そこで、拙僧つらつら鑑みるに、以前の臘八摂心で、道元禅師の『普勧坐禅儀』(流布本)について、様々な解説を行ったのだが、その際には参照出来なかった、巨海東流禅師『普勧坐禅儀述解』について、嘉永7年(1845)の写本を入手したので、参究することとした。なお、引用に際しては、カナをかなにするなど見易く改め、誤字なども適宜修正した。
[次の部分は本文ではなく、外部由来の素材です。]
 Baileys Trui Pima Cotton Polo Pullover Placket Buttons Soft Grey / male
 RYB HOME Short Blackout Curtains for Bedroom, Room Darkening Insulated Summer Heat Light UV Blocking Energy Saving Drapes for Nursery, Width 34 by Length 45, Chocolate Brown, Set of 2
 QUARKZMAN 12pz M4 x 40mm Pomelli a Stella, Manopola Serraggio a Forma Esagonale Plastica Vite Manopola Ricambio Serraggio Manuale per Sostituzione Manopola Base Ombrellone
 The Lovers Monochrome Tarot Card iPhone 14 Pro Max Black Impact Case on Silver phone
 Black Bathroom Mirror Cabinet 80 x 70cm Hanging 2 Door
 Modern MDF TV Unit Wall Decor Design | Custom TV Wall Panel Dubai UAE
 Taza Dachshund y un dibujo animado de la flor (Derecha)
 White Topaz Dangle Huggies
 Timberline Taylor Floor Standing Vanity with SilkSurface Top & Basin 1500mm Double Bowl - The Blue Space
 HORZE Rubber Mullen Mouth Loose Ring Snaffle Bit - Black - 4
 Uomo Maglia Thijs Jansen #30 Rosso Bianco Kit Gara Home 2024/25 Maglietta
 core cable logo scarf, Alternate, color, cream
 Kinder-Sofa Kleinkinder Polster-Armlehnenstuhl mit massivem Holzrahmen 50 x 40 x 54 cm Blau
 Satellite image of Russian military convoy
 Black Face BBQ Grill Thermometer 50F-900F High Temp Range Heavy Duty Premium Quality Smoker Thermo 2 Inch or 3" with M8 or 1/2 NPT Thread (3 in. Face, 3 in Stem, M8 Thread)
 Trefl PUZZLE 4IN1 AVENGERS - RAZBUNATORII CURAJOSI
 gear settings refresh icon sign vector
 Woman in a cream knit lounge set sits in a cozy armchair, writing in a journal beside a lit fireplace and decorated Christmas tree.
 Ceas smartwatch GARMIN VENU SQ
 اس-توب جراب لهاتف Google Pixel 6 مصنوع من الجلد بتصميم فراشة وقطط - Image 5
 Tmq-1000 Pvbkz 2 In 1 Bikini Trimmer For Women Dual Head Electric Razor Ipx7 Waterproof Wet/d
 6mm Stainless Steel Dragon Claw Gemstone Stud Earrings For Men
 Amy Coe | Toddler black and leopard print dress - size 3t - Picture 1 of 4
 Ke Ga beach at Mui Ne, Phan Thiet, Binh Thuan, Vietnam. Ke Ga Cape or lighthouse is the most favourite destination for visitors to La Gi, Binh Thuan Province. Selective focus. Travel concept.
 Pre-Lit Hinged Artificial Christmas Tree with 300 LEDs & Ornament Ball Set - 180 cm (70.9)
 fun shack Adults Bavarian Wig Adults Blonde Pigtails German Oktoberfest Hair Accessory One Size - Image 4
雖逍遥於入頭之辺量、幾虧闕於出身之活路 入頭とは入口と云心学者此田地に初て一足踏込だ斗りでは大量の自在はならぬ、入口のとも辺りに逍遥と自らをちつききつては居れともまたゝゝ転身自在の働を欠て居る、其の入頭の辺量を不安直に跳一跳し来れ、さもなければ出身自在の活生涯が虧闕と欠て居るぞ、大休大喝――と精彩を着よ見よゝゝ、古人の辛苦艱難し玉こと、粉骨砕身も不足酬、次へ、
4丁裏
この本文だが、見て分かる通り対句になっている。
雖逍遥於入頭之辺量
幾虧闕於出身之活路
ただし、巨海禅師の提唱は、これを意識していない・・・と、思っていたら、元になった面山禅師『聞解』も同様であった。しかし、略し方が凄いのだが、面山禅師はこの後、入頭から出身への繋がりを、『大般若経』や陳睦州の見解を用いて提唱されているのだが、その部分は全カットされてしまった。巨海禅師は、面山禅師が博覧強記を誇りつつ解釈されたところ、つまりは典拠や先行する経論を挙げる場合、ほとんどをカットしている。多分、経論を読むのに大変で、学人が理解するのに迂遠だと判断されたものか。面山禅師の態度は、研究者にはそれなりに有り難いのだが。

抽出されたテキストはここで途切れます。